*Exercise instructions*
The number needed is how many lines of the data hold the string "Shih". Give that number and nothing more.

*Dataset items*
○ ○ ○ ○

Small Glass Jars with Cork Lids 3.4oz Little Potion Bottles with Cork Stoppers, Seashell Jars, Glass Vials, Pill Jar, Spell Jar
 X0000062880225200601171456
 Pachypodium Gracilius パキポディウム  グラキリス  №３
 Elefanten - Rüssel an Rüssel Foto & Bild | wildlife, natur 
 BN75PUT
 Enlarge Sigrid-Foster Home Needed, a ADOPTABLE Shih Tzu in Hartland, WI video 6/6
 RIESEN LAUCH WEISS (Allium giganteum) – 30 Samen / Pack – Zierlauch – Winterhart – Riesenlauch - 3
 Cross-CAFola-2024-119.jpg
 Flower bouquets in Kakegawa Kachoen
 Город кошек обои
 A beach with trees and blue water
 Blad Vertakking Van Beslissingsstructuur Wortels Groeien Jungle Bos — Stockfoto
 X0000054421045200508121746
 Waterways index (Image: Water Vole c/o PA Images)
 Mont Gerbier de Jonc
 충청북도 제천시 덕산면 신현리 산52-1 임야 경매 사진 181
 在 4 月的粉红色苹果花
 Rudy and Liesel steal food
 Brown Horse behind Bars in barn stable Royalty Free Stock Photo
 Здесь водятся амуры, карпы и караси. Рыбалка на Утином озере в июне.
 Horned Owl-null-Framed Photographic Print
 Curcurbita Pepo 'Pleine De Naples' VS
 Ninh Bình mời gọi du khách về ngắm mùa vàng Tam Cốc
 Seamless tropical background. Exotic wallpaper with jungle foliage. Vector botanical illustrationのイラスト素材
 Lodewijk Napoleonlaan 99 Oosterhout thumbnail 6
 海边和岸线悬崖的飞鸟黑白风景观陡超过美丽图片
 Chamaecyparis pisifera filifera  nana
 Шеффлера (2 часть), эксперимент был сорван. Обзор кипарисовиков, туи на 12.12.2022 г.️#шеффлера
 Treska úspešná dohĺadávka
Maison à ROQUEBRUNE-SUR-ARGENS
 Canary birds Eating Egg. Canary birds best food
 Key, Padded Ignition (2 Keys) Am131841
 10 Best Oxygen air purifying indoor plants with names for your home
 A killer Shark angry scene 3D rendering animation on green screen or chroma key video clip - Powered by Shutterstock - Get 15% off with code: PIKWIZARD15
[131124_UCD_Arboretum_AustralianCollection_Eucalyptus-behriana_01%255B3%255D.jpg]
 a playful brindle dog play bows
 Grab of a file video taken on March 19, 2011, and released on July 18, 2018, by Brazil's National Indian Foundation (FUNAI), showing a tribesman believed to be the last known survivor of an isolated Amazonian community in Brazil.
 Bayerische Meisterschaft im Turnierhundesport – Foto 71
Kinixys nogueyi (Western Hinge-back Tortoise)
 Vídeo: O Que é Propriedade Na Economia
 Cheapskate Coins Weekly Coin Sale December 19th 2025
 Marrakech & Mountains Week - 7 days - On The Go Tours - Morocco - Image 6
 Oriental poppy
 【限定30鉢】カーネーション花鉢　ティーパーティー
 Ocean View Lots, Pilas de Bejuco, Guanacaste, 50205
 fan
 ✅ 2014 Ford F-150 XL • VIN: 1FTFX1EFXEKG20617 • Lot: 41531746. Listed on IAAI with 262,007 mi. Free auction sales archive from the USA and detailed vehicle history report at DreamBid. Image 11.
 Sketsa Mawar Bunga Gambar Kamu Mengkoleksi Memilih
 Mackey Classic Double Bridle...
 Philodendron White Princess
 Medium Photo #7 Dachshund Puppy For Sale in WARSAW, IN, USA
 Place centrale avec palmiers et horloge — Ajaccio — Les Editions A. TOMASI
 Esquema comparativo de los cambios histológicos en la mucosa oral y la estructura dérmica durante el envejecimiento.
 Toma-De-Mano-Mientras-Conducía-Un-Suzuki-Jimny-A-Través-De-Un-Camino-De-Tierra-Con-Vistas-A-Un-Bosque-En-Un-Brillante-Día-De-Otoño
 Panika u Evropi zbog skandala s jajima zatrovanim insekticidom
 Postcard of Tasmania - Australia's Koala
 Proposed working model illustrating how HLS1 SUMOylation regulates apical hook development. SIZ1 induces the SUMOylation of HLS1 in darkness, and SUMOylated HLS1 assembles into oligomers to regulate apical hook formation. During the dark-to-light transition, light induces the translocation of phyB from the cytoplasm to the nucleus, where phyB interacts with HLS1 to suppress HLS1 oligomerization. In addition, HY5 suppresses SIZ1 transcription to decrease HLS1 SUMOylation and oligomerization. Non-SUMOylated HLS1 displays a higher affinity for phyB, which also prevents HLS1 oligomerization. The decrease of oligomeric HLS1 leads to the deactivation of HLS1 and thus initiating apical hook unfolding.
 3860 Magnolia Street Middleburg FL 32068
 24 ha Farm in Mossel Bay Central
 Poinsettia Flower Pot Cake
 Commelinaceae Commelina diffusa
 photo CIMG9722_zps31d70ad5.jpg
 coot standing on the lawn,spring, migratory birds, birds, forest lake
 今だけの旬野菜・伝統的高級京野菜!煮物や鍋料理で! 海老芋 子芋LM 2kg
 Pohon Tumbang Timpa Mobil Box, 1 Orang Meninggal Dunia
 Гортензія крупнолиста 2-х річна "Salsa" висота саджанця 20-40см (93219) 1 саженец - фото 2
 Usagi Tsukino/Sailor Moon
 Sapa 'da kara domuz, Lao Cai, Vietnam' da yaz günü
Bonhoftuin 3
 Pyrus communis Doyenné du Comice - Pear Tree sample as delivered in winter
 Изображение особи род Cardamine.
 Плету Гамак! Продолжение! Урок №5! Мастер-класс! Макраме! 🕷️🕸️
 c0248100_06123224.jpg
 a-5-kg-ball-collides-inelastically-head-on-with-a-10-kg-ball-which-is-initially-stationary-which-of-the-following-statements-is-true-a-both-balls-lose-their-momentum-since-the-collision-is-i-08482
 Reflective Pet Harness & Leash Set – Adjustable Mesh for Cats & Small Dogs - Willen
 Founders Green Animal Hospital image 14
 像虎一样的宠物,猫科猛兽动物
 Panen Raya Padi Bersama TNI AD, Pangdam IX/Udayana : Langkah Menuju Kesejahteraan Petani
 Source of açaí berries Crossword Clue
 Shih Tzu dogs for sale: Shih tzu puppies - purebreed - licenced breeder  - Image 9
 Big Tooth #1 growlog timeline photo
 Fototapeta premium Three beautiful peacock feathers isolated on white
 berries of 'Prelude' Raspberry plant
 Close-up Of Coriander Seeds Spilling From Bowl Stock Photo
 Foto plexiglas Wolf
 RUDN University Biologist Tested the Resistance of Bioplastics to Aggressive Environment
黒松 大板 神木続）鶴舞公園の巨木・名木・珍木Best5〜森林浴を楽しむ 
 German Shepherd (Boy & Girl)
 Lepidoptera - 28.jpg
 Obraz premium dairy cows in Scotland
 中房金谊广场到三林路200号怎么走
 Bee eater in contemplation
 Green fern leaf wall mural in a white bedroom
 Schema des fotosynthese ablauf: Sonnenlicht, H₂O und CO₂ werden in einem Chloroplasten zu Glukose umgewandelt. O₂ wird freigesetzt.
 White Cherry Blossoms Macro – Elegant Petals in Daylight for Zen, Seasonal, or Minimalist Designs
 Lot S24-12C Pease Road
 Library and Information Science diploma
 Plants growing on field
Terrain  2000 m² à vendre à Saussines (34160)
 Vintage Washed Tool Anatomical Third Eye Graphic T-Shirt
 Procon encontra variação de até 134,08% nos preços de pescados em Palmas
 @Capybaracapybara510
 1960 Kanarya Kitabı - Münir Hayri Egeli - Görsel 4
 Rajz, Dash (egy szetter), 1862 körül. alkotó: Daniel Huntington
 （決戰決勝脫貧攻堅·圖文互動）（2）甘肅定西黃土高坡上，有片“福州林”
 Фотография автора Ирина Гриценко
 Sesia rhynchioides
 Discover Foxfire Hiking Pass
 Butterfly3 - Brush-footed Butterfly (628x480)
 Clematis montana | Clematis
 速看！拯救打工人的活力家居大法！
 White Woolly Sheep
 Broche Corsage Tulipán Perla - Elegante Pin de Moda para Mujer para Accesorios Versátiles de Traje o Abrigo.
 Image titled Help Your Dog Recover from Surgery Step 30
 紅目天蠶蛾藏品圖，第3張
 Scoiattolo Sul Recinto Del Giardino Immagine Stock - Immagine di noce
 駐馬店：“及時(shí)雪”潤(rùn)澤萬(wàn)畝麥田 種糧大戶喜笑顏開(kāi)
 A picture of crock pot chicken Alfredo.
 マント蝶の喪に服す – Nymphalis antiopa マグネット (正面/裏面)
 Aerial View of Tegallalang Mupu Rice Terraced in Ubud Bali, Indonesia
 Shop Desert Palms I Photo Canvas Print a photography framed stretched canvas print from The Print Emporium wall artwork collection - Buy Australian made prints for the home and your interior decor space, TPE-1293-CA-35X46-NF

○ ○ ○ ○

*Solution below*
2